In buona sostanza Lapo, consapevolmente ma anche per innato istinto, si è messo nelle condizioni ideali per realizzare ciò che suo zio Edoardo Agnelli non poté fare per mille motivi o forse soltanto perché i tempi non lo permettevano. Quando il figlio dell’Avvocato morì, a novembre saranno trascorsi venti anni, Lapo soffrì tremendamente. “Un dolore insopportabile come quello provocato da un violento schiaffo sul viso che ancora oggi mi fa male”, ebbe a dire bel corso di una chiacchierata televisiva a cuore aperto con Giovanni Minoli. Dopo la scomparsa di Edoardo il ragazzo, aveva ventitré  anni, chiese di poter avere e indossare al polso il braccialetto del fratello di sua mamma Margherita. Non se ne separò mai.

Un “laccio” che poteva rappresentare una promessa, come di fatto è stato, significata dalla volontà da parte di Lapo di realizzare concretamente alcune delle opere che per Edoardo erano rimaste sul piano etereo del sogno. Una in particolare. Quella di vivere la vita dedicando una parte importante di essa agli altri e in particolare ai meno fortunati. Con una Fondazione, appunto. Un atteggiamento filosofico che mal si adattava alle rigide regole dettate dal capitalismo industriale del quale il patriarca Gianni Agnelli era il simbolo. Una posizione che in Edoardo radicò l’idea di essere un “rifiutato” con tutte le tragiche conseguenze del caso.

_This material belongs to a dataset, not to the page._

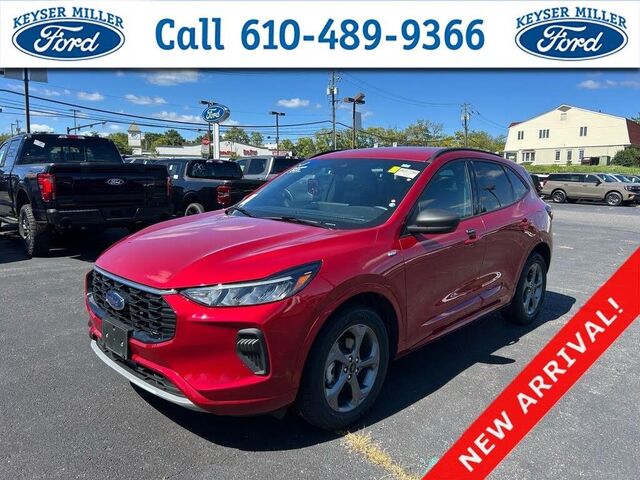 2023 Ford Escape ST-Line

Medesimo percorso, vissuto in parallelo, per Lapo anche lui giudicato dal sistema troppo bizzarro e poco affidabile per mettersi al volante di macchine complesse come, per esempio, la Juventus o la Ferrari. Ma a differenza dello zio il giovane Elkann, oggi uomo, ha saputo reagire con audacia anche a quel sottile richiamo dell’autodistruzione fisica e mentale che può spingere ad abbandonare la lotta. E ha vinto la guerra, dopo tante battaglie perdute. Anche nel nome dello zio Edoardo una parte del quale continua a vivere in Lapo.